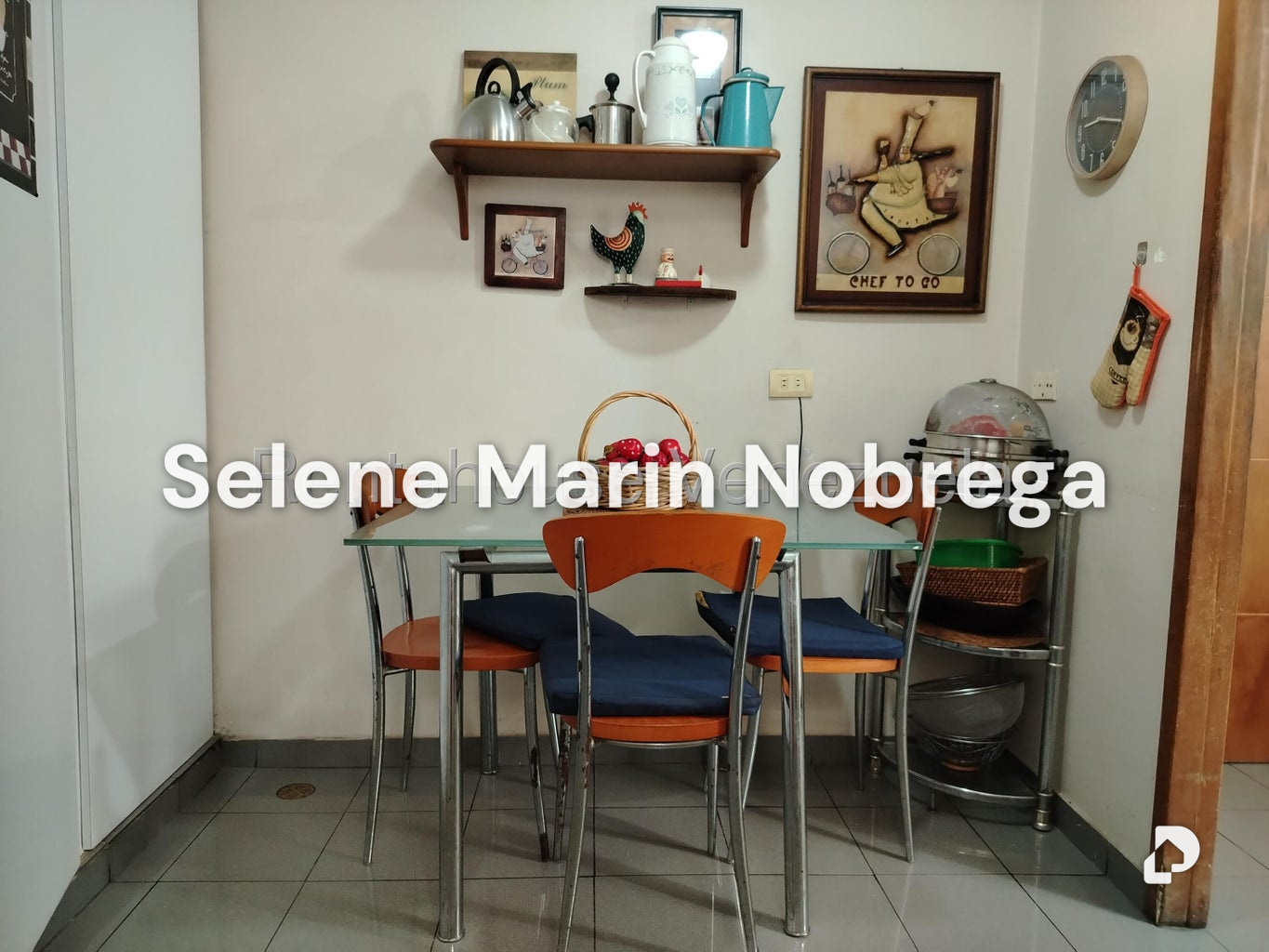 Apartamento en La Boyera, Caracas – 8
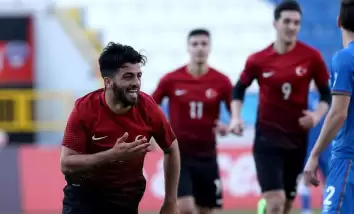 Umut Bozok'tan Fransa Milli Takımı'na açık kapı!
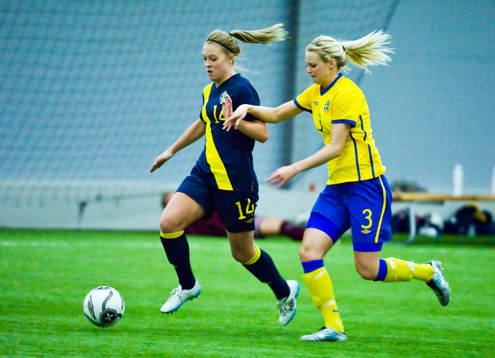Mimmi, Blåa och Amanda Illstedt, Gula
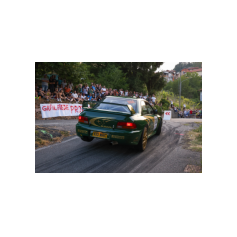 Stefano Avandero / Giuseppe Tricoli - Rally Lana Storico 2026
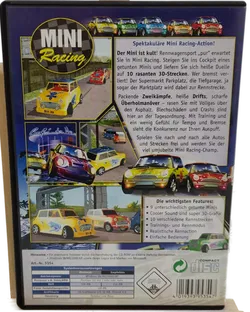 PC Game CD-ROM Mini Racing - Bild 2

※ ※ ※

Omitting the images, output each record precisely as written.

 Apartamento en La Boyera, Caracas – 8
 Umut Bozok'tan Fransa Milli Takımı'na açık kapı!
Mimmi, Blåa och Amanda Illstedt, Gula
 Stefano Avandero / Giuseppe Tricoli - Rally Lana Storico 2026
 PC Game CD-ROM Mini Racing - Bild 2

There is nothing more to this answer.